There will be HFSS New Laws commencing in April 2022 for HFSS foods
Darren A. Smith:
It is, [inaudible 00:01:23].
Andrew Grant:
If the legislation goes through as I've read it, seismic changes to all those foods that will be classed as high fat, sugar, and salt. We're talking fizzy drinks, we're talking soft drinks, cakes, biscuits, chocolate, crisps, snacks, even processed ready meals, and stuff like that.
Darren A. Smith:
Wow. All right. Let's do what our Americans say, let's unbox this with you, [inaudible 00:01:55].
Andrew Grant:
Ooh.
Darren A. Smith:
Let's unbox it. So HFSS is about salty, sugary foods. I think I do know a little bit about this. You said it's the biggest change in enforced dietary changes since the World War, the Second World War?
Andrew Grant:
Yeah. If you think about it, I'm sure we all remember Jamie Oliver on the Turkey Twizzlers. The government, over the last 10 years, has made a lot of changes encouraging, and in some regards forcing, manufacturers to change formulations.
Darren A. Smith:
Yeah.
Andrew Grant:
To reduce the amount of salt, to reduce the amount of sugar.

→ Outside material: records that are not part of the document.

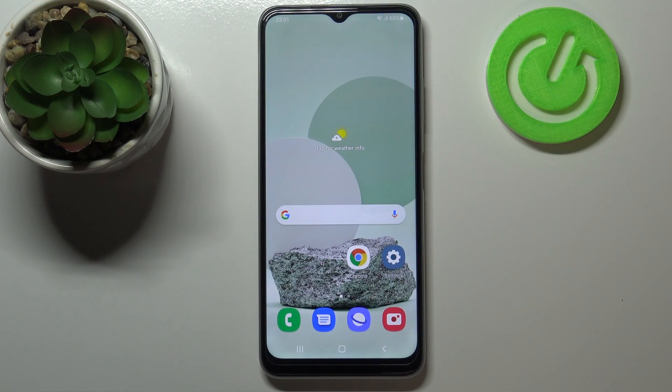Hi everyone, here we've got Samsung Galaxy M22 and let me share with you how to enable developer options on this device.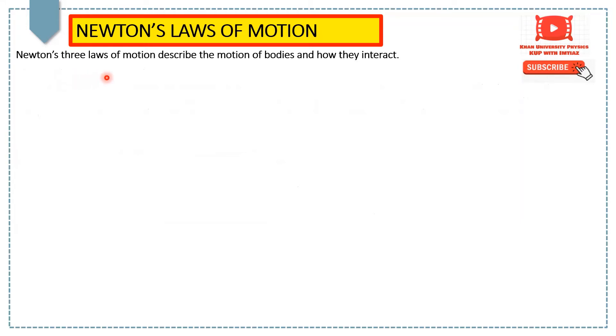Newton's three laws of motion describe the relation between the forces acting on a body and the motion of the body.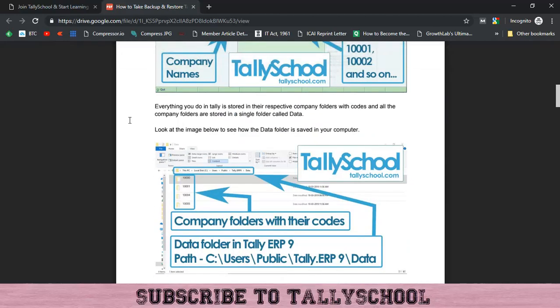Thank you for watching this video. If you have watched till here you are very hungry for knowledge — most people do not make it to this point. Subscribe to Tally School if you have not yet subscribed, as you will get regular videos daily at 9 AM and 5 PM. Thank you for watching.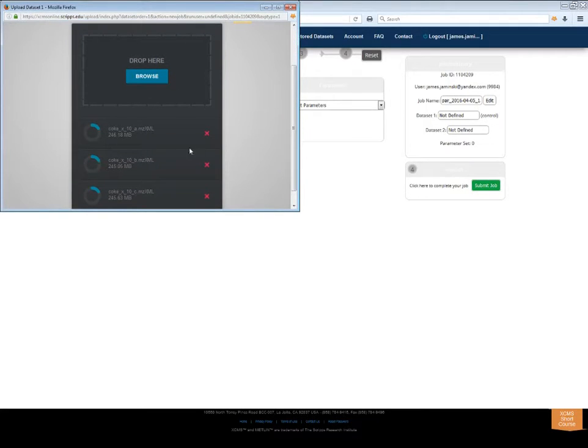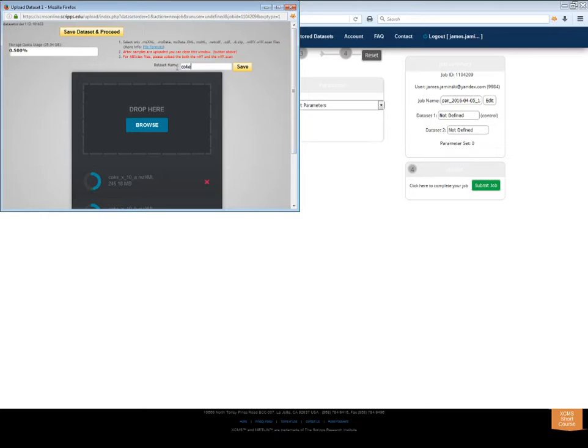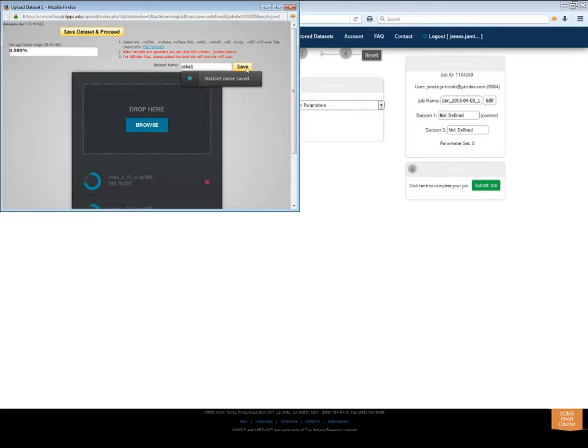XCMS Online will automatically create a generic name for your dataset. You can use this time to rename your dataset in the upload window, or in the wizard after the upload completes. Do not close the window until all the files are successfully uploaded, or you will lose the data and have to re-upload it.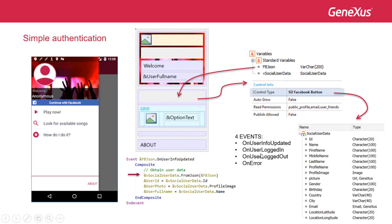The other events we mentioned are these. OnUserLoggedIn is an informative event that the developer may use to update indications regarding the status of the current Facebook session. In this event, the user information has not been updated yet.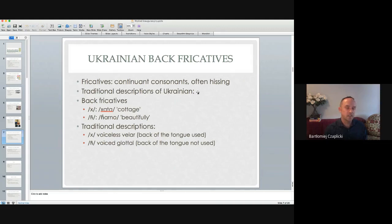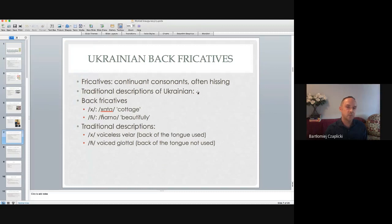Let's now move on to the hypothesis that I'm going to verify in the area of articulation. In the descriptions of Ukrainian, we talk about two fricatives called back fricatives. By fricatives I mean continuant consonants that are often hissing sounds — things like s, z, f, v, and so on. In traditional descriptions of Ukrainian, people have claimed that there are two back fricatives — those that are pronounced at the back of the mouth.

There's obviously been the watershed advertising bans.
Darren A. Smith:
Yep.
Andrew Grant:
Not allowed to advertise these products to kids, or in schools.
Darren A. Smith:
Yep.
Andrew Grant:
Sort of round the edges, but what they're proposing for next April, as far as retailers and suppliers are concerned, goes one hell of a step further. That is to ban the siting of those foods anywhere other than on the shelf, their home shelves. So you can't have sweets on checkouts. A lot of the retailers have made that decision themselves, but that will be illegal.
No siting of sweets or these HFSS products anywhere near the checkouts, within two meters of the entrance. Then probably the biggest, you won't be able to volume-promote these products. So you'll be able to price-promote, I believe, but you won't be able to do BOGOFs, extra-frees, twofers. If you think of the impulse category, certainly back in my day, something like 70% of a brand's volume in those categories went through on deal.
Darren A. Smith:
Let's bring that to life. If I'm walking through the central aisle of a Tesco or a Sainsbury's, and I see the gondola end and it's packed with M&M's, with the little round man with the funny hands-
Andrew Grant:
Yep.
Darren A. Smith:
No more?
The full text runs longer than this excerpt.